Apeniny 2010
26 sierpnia - 5 września
Wspomnienia
Tydzień w Apeninach
nadesłał: Piotr12-09-2010
Do wyjazdu w Apeniny przymierzaliśmy się już w ubiegłym roku, ale być może na skutek trzęsienia ziemi, które wiosną 2009 r. nawiedziło Aquilę, nie mogłem znaleźć odpowiedniego zakwaterowania.
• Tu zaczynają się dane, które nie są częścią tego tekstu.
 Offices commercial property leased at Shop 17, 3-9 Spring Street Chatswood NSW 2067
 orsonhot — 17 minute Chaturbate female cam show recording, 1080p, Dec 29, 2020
W tym roku poszło już lepiej i 26 sierpnia wieczorem nasza 33 osobowa grupa wyruszyła niebieskim autobusem w podróż. Pojazd chyżo pomykał, toteż do Rawenny dotarliśmy już wczesnym popołudniem następnego dnia. Dało to czas najpierw na zbiorowe odwiedziny w bazylice S. Apollinare in Classe, a następnie zwiedzanie w podgrupach, do wieczora. Pół dnia to na Rawennę za mało, więc kontynuowaliśmy zwiedzanie w sobotę do południa, po czym wyruszyliśmy w dalszą drogę. Kolejnym punktem było, położone już w Apeninach i regionie Marche, Urbino - miasto księcia Federigo da Montefeltro i Rafaela. Potem jeszcze krótka wizyta w Loreto i jazda na kemping położony nieopodal miasteczka Sarnano, u podnóża Gór Sybillińskich. Okazało się, że nasz autobus jest za duży aby wjechać na kemping, lecz uprzejmy gospodarz podwiózł nam bagaże pod położone kilkaset metrów dalej domki.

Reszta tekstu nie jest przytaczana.